Records supplied -
....

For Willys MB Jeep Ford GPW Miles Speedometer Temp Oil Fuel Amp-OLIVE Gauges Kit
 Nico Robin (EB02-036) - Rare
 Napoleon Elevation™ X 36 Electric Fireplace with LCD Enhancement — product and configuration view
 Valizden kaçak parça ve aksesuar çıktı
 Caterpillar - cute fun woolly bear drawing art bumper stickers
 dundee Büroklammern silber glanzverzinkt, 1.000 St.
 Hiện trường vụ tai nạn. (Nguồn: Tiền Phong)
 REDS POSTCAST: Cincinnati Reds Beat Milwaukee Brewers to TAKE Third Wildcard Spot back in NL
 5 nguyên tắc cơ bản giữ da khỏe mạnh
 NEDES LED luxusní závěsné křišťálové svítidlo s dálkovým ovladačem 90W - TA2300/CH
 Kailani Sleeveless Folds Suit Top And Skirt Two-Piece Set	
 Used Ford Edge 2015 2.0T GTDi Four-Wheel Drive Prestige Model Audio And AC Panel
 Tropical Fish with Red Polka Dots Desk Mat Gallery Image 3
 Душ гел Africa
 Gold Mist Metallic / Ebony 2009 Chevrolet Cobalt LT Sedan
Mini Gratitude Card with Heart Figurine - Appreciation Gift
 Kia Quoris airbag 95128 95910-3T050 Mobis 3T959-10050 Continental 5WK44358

....

Work task -
The answer must consist of every line from the data that holds the string "Ford".

Result of this task -
For Willys MB Jeep Ford GPW Miles Speedometer Temp Oil Fuel Amp-OLIVE Gauges Kit
 Used Ford Edge 2015 2.0T GTDi Four-Wheel Drive Prestige Model Audio And AC Panel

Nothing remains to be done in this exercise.